I'm starting to see some biotech stocks begin violating their bullish support trends and some others getting close to violating these longer-term support trends. Last week we took a look at the Biotech Index (BTK.X) and felt a break below the $530 level could be trouble for bullish traders in the group. The BTK.X did muster a rally yesterday, but I'm monitoring some stocks that one by one may spell trouble.
Today, shares of Myriad Genetics (NASDAQ:MYGN) broke below its bullish support trend and gave a double-bottom sell signal at $45. Now I'm eyeballing shares of Genzyme Corporation (NASDAQ:GENZ) getting very close to breaking its bullish support trend and giving a triple-bottom sell signal.
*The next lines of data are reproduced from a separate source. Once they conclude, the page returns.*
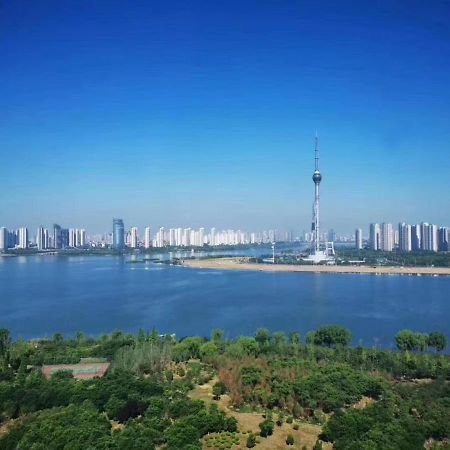 Howard Johnson Xiangyu Plaza Linyi Лини Екстериор снимка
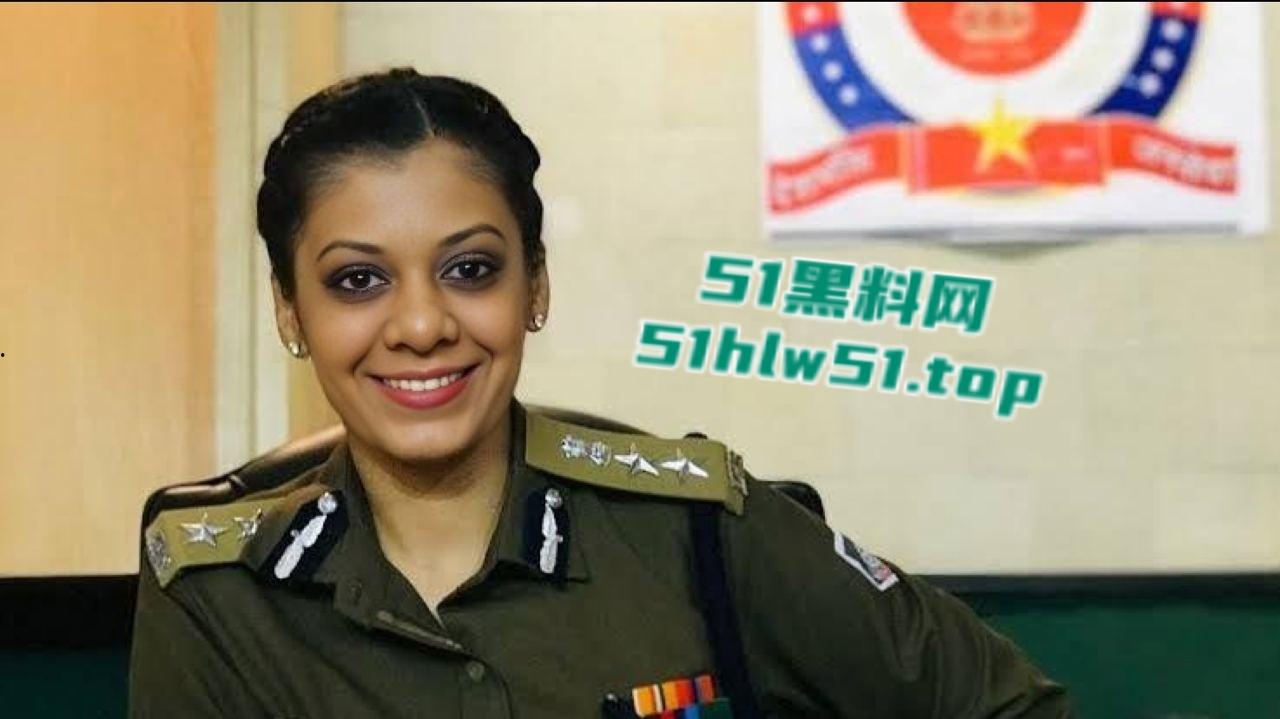 印度女警司门事件，印度政府高级女官员上校官衔，私密床战遭泄密反差感超强！-7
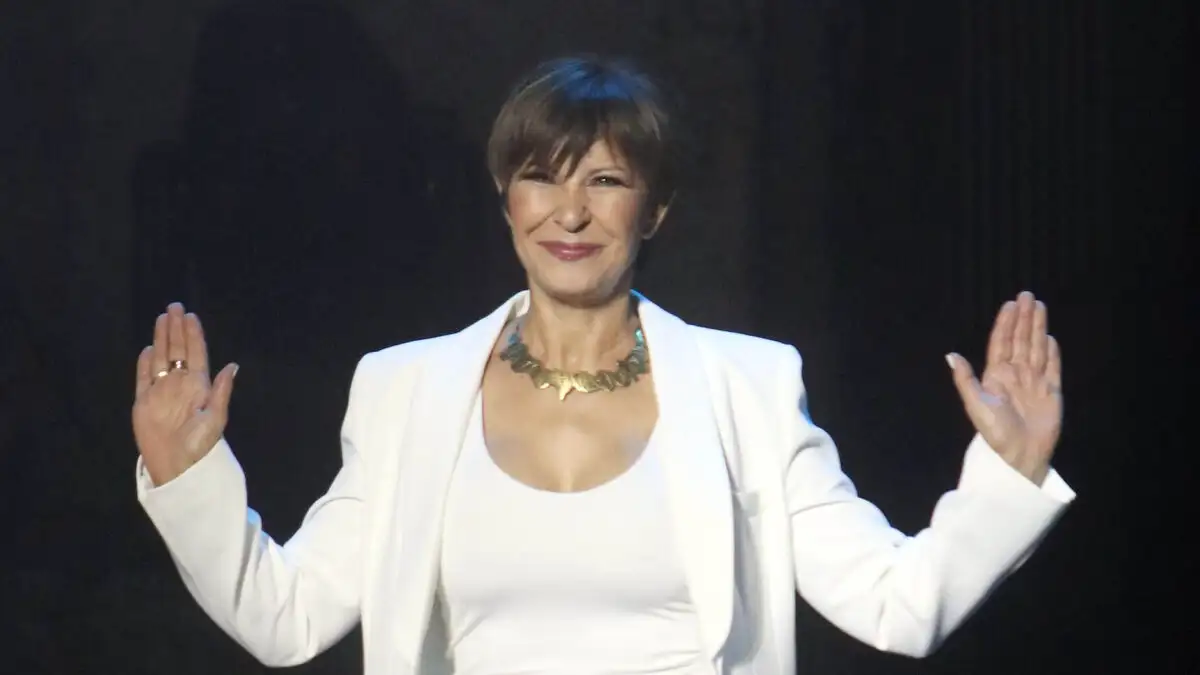 Κωνσταντίνα για Δημήτρη Παπάζογλου: «Δεν είναι μουσικός, είναι δικό του το πρόβλημα»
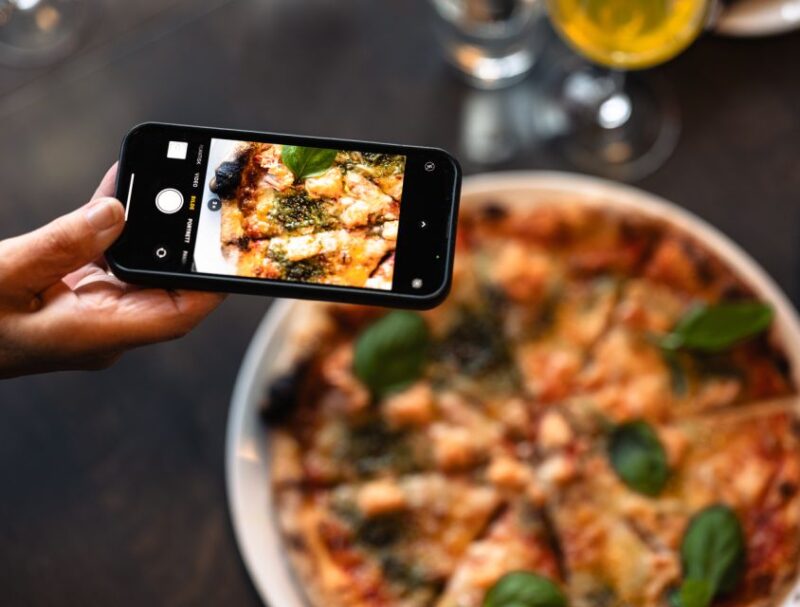 Ålesund: Guided Food Walking Tour - Visiting Local Restaurants and Cafés for Authentic Tastes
Genzyme Corporation (GENZ) - $1 box
I don't think shorting/putting the biotechs is going to be a piece of cake for bears, but there are some negatives starting to develop in the group. Right now, shares of Genzyme (GENZ) are trading right on their 200-day MA of $53 and right on top of bullish support trend. A break below the $52 level could see the stock drop quickly to the $51-$50 level. If there's some type of "bad news" in the wings then the stock may be vulnerable to dropping right back into a base formed in October near $47.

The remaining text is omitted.